■ **Input data**:
▼▼▼

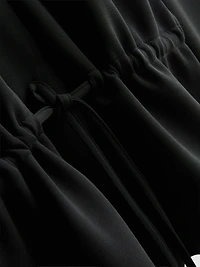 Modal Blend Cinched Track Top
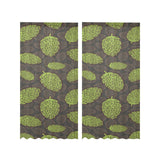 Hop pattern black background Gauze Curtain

▲▲▲
▼▼▼

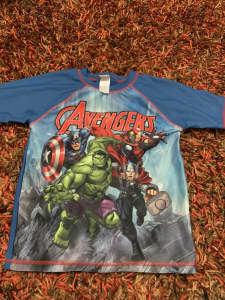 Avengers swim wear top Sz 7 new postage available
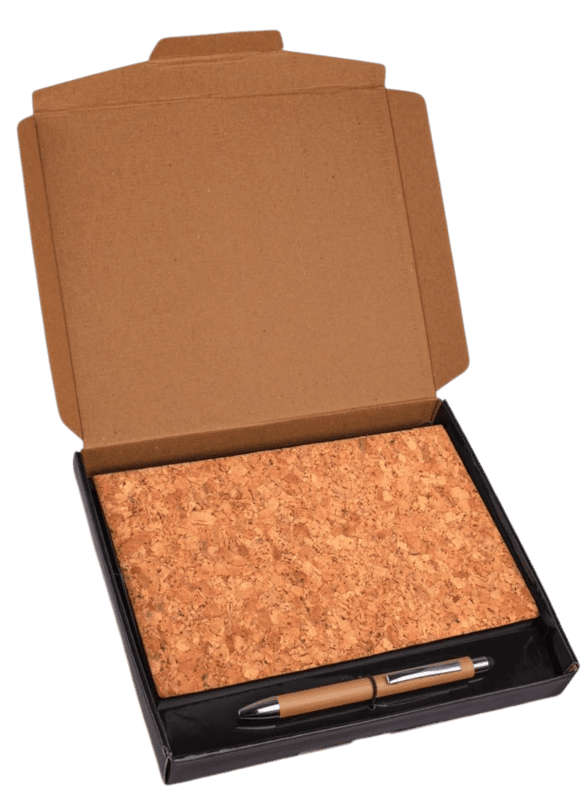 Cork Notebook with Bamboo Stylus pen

▲▲▲
▼▼▼

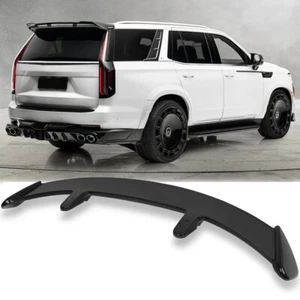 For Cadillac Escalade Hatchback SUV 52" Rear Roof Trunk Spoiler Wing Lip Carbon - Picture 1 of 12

▲▲▲

■ **Exercise prompt**: Give back, exactly and without pictures, the stretch of the records above from the line containing "Avengers swim wear" through the line containing "Cork Notebook with Bamboo Stylus pen", with both end lines included.

■ **Task output**:
 Avengers swim wear top Sz 7 new postage available
 Cork Notebook with Bamboo Stylus pen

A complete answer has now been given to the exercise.